:: Data shown ::
§
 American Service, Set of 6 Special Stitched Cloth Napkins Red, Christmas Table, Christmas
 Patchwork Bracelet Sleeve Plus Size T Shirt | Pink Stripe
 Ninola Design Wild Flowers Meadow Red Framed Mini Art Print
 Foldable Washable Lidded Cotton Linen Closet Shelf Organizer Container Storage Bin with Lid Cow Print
§
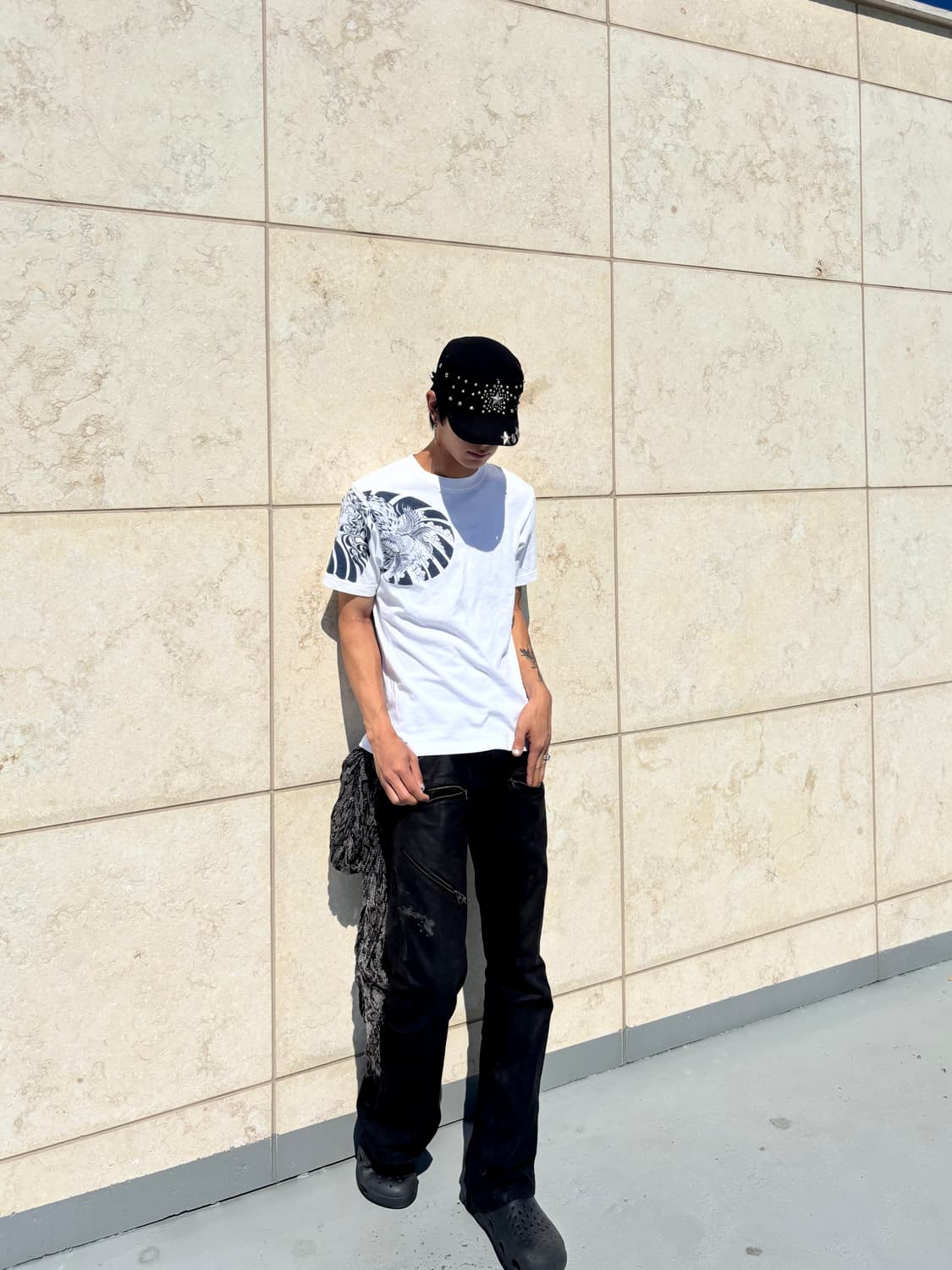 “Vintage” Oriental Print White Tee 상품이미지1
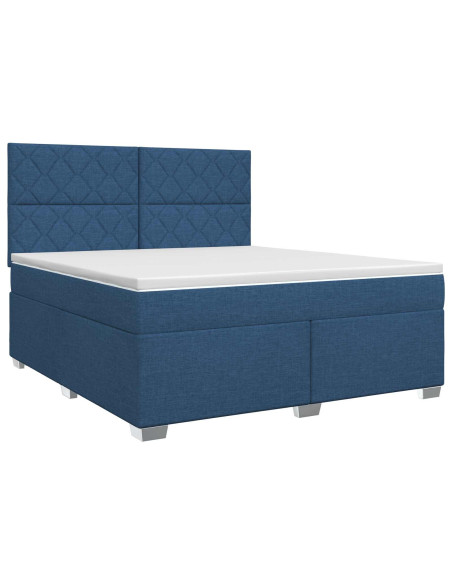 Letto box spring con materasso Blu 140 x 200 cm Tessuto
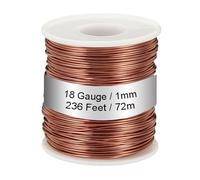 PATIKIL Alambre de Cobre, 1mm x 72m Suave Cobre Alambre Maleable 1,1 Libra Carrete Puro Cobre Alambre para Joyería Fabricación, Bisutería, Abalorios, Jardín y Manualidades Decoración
§
:: Task objective ::
From the records above, print exactly the lines that run from the line with "Ninola Design Wild" to the line with "Foldable Washable Lidded", inclusive.

:: Answer to this task ::
 Ninola Design Wild Flowers Meadow Red Framed Mini Art Print
 Foldable Washable Lidded Cotton Linen Closet Shelf Organizer Container Storage Bin with Lid Cow Print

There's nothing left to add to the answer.